October 28, 2017

Lindsay Adams Joins the MDC

Lindsay Adams has been selected as a new resident playwright of the Midwest Dramatists Center.

Lindsay is a nationally produced playwright, dramaturg, director, and teaching artist. Her play, Her Own Devices, was the 2016 recipient of the Judith Barlow Prize and received a reading through the History Matters/Back to the Future Foundation at the Women's Project Theatre in New York City. This year the Kennedy Center awarded this play the second-place prize for both the Jean Kennedy Smith Playwriting Award and the Darrell Ayers Playwriting Award. Her work has been produced and developed at Westport Center for the Arts, Theatre Alliance, The Hub’s New Play Festival, the Kennedy Center Page to Stage Festival, One Minute Play Festival, American College Theatre Festival, Nu Sass, Catholic University of America, Just Off Broadway Theatre, Fishtank Theater, KC Fringe Festival, and The Metropolitan Club, among others. She is an M.F.A. Candidate at Catholic University of America in DC and proud member of the Dramatists Guild and LMDA. She also occasionally shows up on stage, most recently in Liminal State at the KC Fringe. Upcoming projects include production of her ten-minute play Seeing Red in The Insubordinates at Fishtank Theatre and directing Aaron Scully’s new play Cornered at the 6x10 Festival with the Barn Players.

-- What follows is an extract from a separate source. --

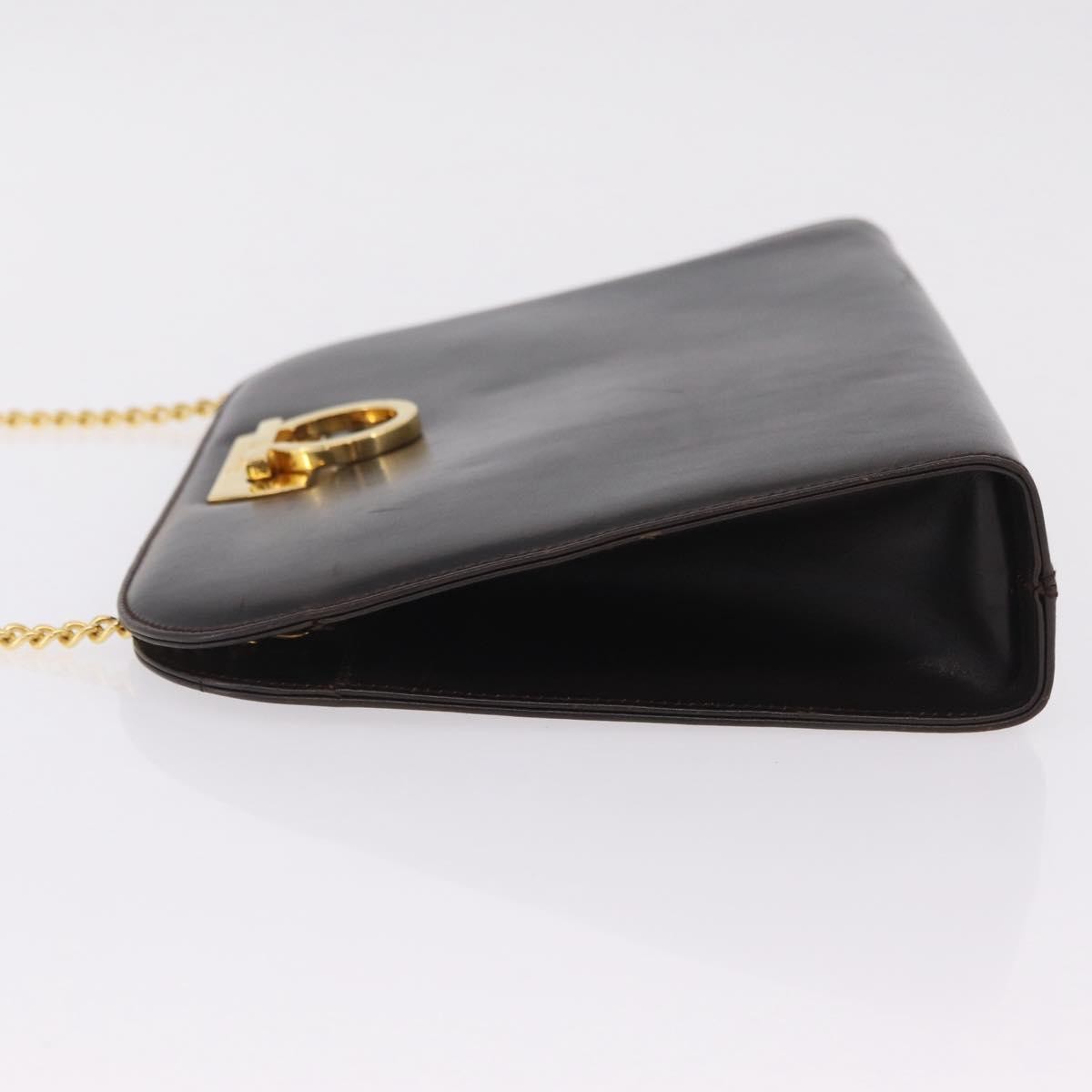 Salvatore Ferragamo Vintage Gancini Chain Leather, Brown, Leather, Shoulder Bag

Lindsay is thrilled to join this organization as a Midwest Dramatists Center Resident Playwright. Her work grapples with our relationships, our identities, and our tribes. She tells the stories of people from the crossroads of our country, especially those that have been left off the stage and forgotten. Her plays remind the audience of what it is to be a stakeholder in humanity and facilitates understanding by moving them to a radical act of empathy. Deeply theatrical, her plays have a foundation in movement and often utilize elements of dance, vaudeville, or physical comedy. She works in a variety of genres, some plays falling into the realm of magical realism, others best described as feminist folktales.